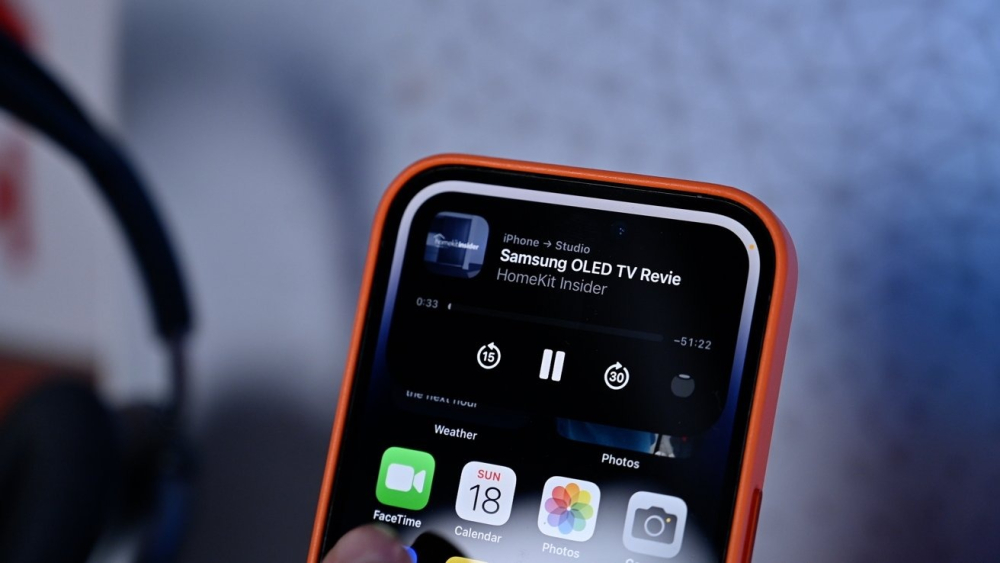 Luận bàn về iPhone 14 Pro: Mẫu điện thoại quốc dân đáng mua nhất đầu năm 2023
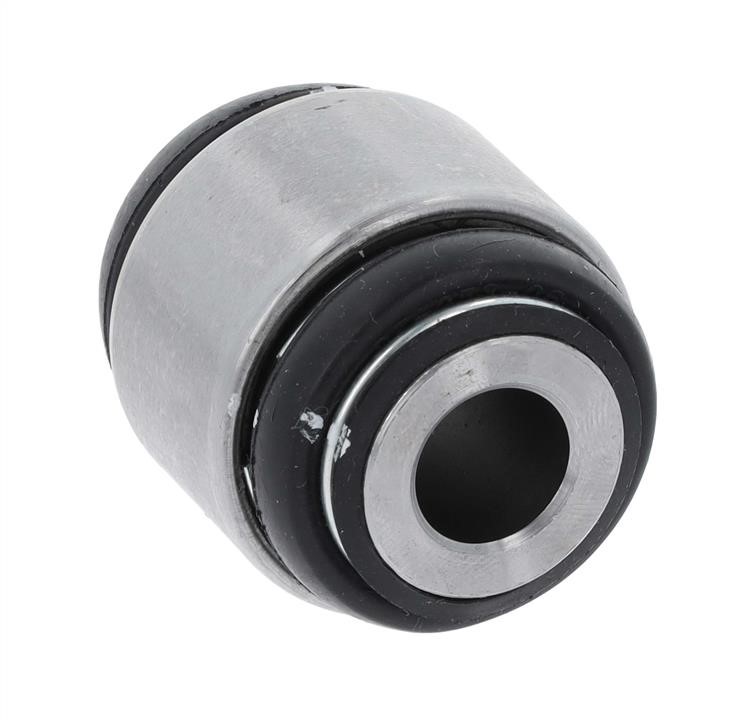 5703187SX Stellox Bearing, wheel bearing housing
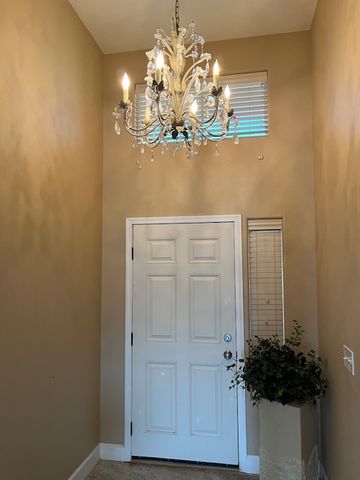 4926 S Mesa Verde Drive, Fort Mohave, AZ 86426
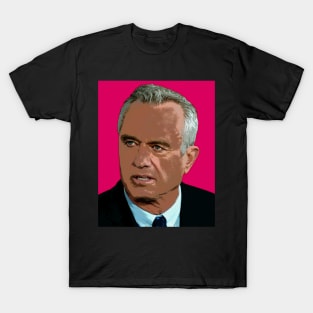 Robert F. Kennedy Jr. T-Shirt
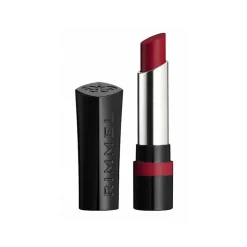 Lipsticks^Rimmel Lipstick The Only 1 Lipstick Best Of The Best 510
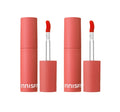 2 x innisfree Airy Matte Tint 3.8g, 5 Colors from Korea by innisfree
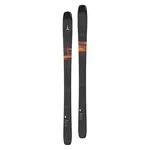 Atomic Maven 88 CTI Women's Alpine Skis
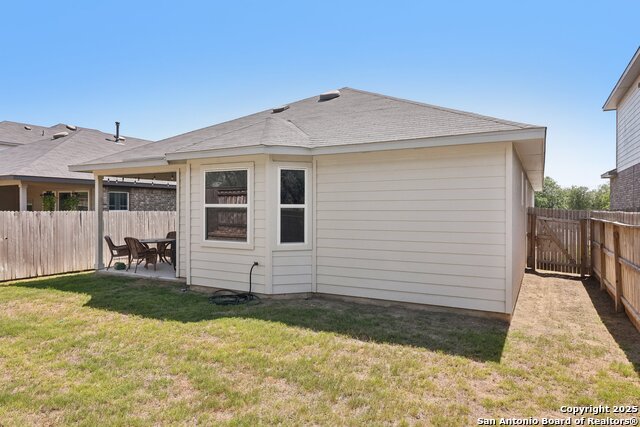 Image 39 of 40 For 14926 Palmer Creek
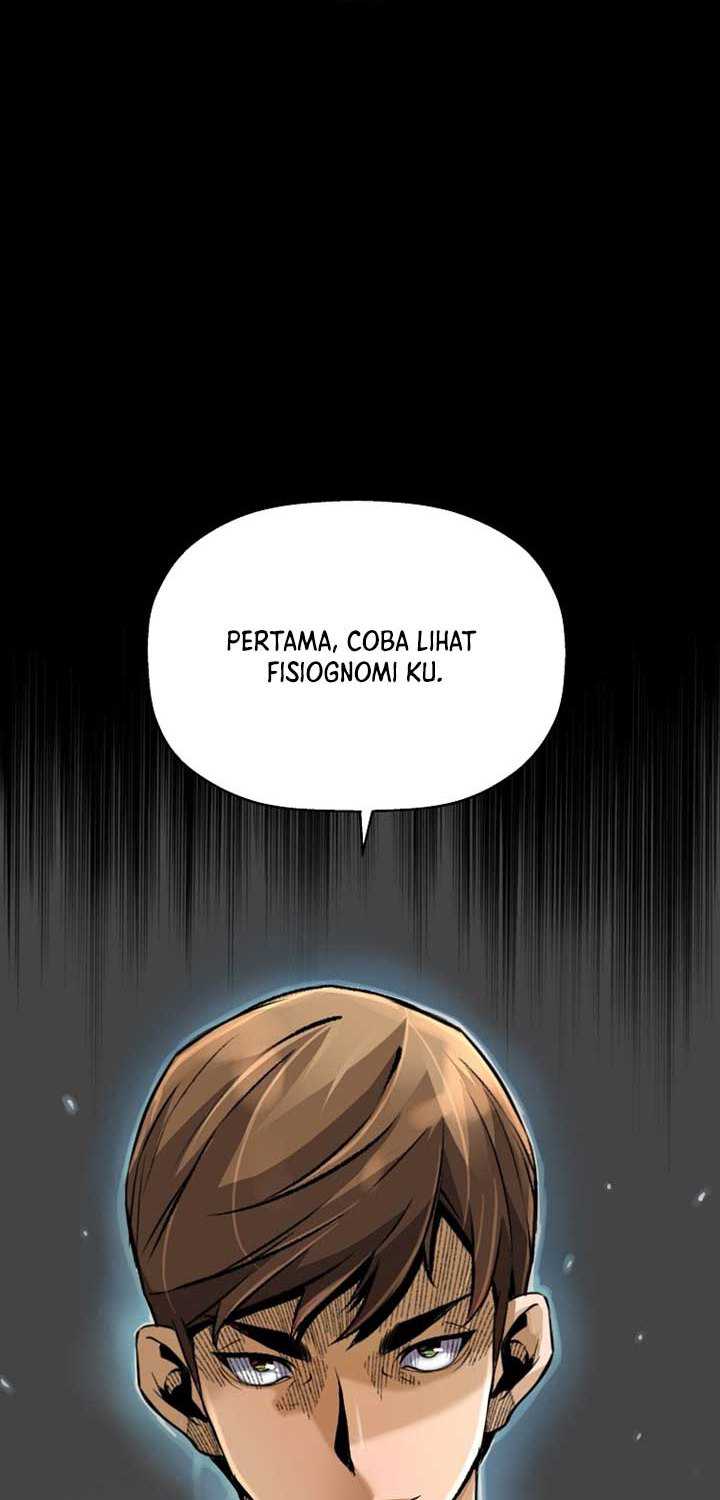 Halaman 152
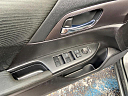 Thumbnail image of 2014 Honda Accord at Wilson Auto Sales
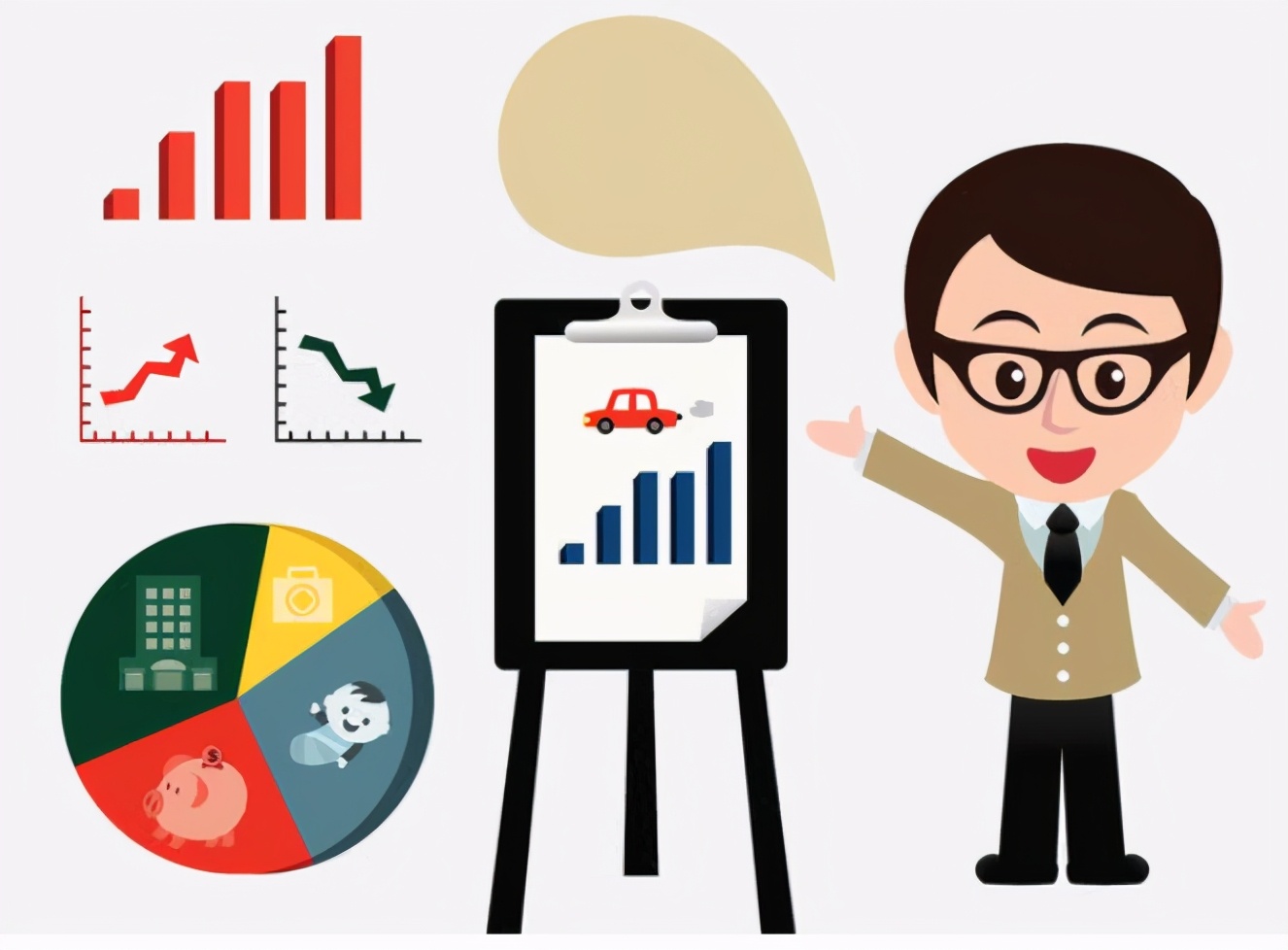 2020年全国政务公开第三方评估,政务公开第三方评估是什么意思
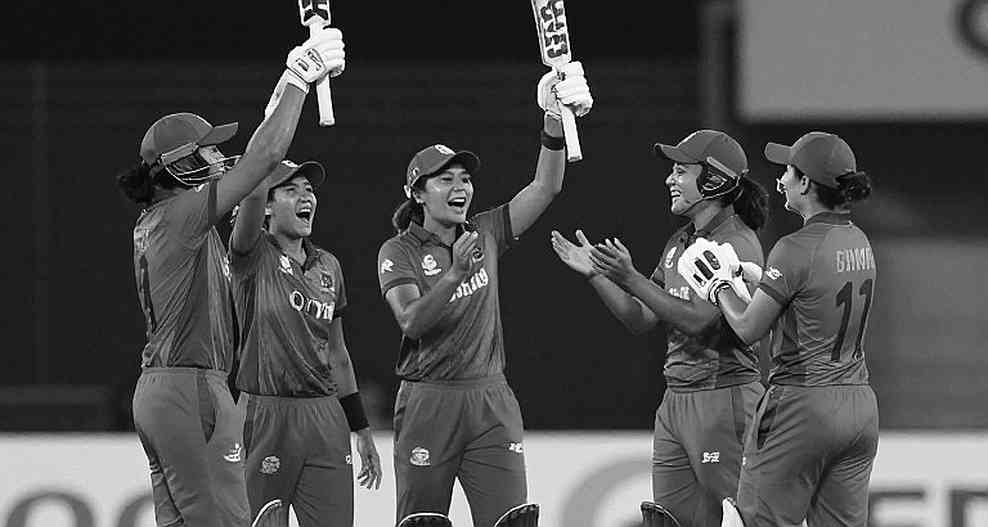 হ্যাগলি ওভালে ৪.২ ওভারে ৪৮/০: নিউজিল্যান্ডের পাওয়ারপ্লে আসলে ভারতের ফেজ-ম্যাচিং ভুলের রসিদ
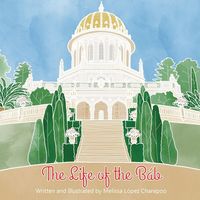 Produktbild: The Life of the Bab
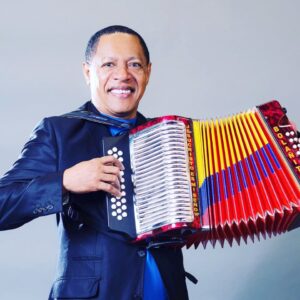 Bolañito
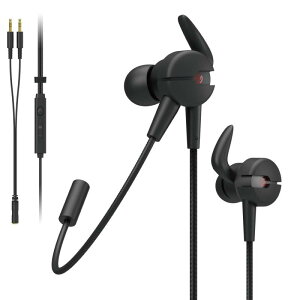 GR Q[~OwbhZbg Cz L yARMAz }CNA[t ubN HS-ARMA50EBK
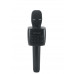 Muse M-508 KA Bluetooth Karaoke Microphone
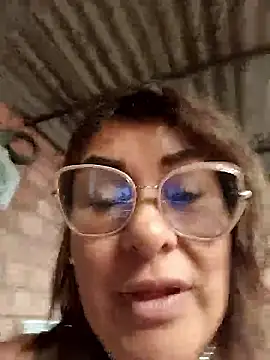 AlexxiaaMat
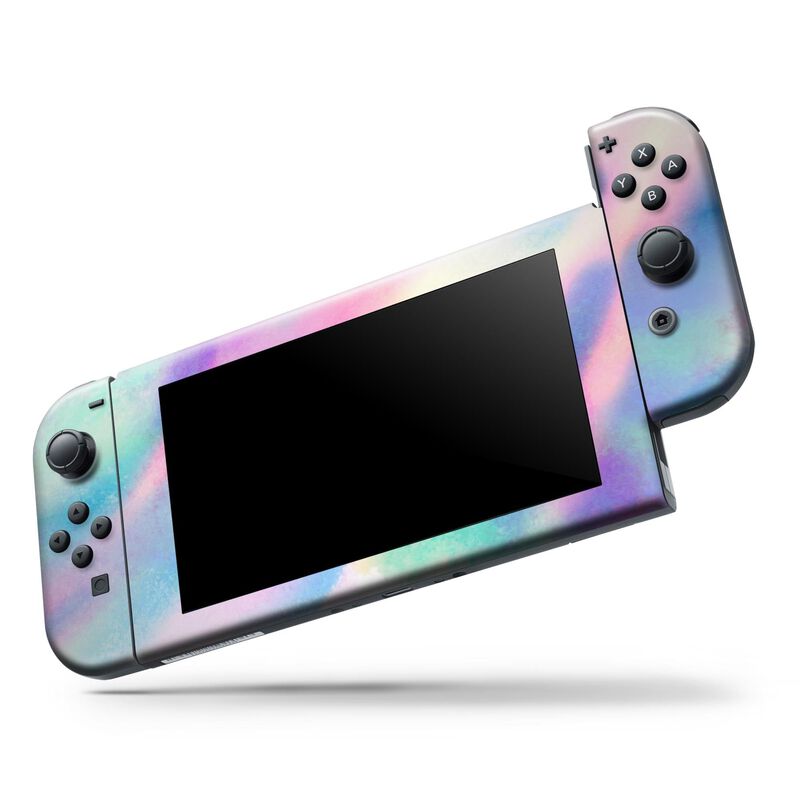 Vinilo Decorativo Designskinz para New 3DS XL (... image number null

Try it: What is needed is a word-for-word transcription of all the entries, with the pictures dropped.

Output of the exercise:
 Luận bàn về iPhone 14 Pro: Mẫu điện thoại quốc dân đáng mua nhất đầu năm 2023
 5703187SX Stellox Bearing, wheel bearing housing
 4926 S Mesa Verde Drive, Fort Mohave, AZ 86426
 Robert F. Kennedy Jr. T-Shirt
 Lipsticks^Rimmel Lipstick The Only 1 Lipstick Best Of The Best 510
 2 x innisfree Airy Matte Tint 3.8g, 5 Colors from Korea by innisfree
 Atomic Maven 88 CTI Women's Alpine Skis
 Image 39 of 40 For 14926 Palmer Creek
 Halaman 152
 Thumbnail image of 2014 Honda Accord at Wilson Auto Sales
 2020年全国政务公开第三方评估,政务公开第三方评估是什么意思
 হ্যাগলি ওভালে ৪.২ ওভারে ৪৮/০: নিউজিল্যান্ডের পাওয়ারপ্লে আসলে ভারতের ফেজ-ম্যাচিং ভুলের রসিদ
 Produktbild: The Life of the Bab
 Bolañito
 GR Q[~OwbhZbg Cz L yARMAz }CNA[t ubN HS-ARMA50EBK
 Muse M-508 KA Bluetooth Karaoke Microphone
 AlexxiaaMat
 Vinilo Decorativo Designskinz para New 3DS XL (... image number null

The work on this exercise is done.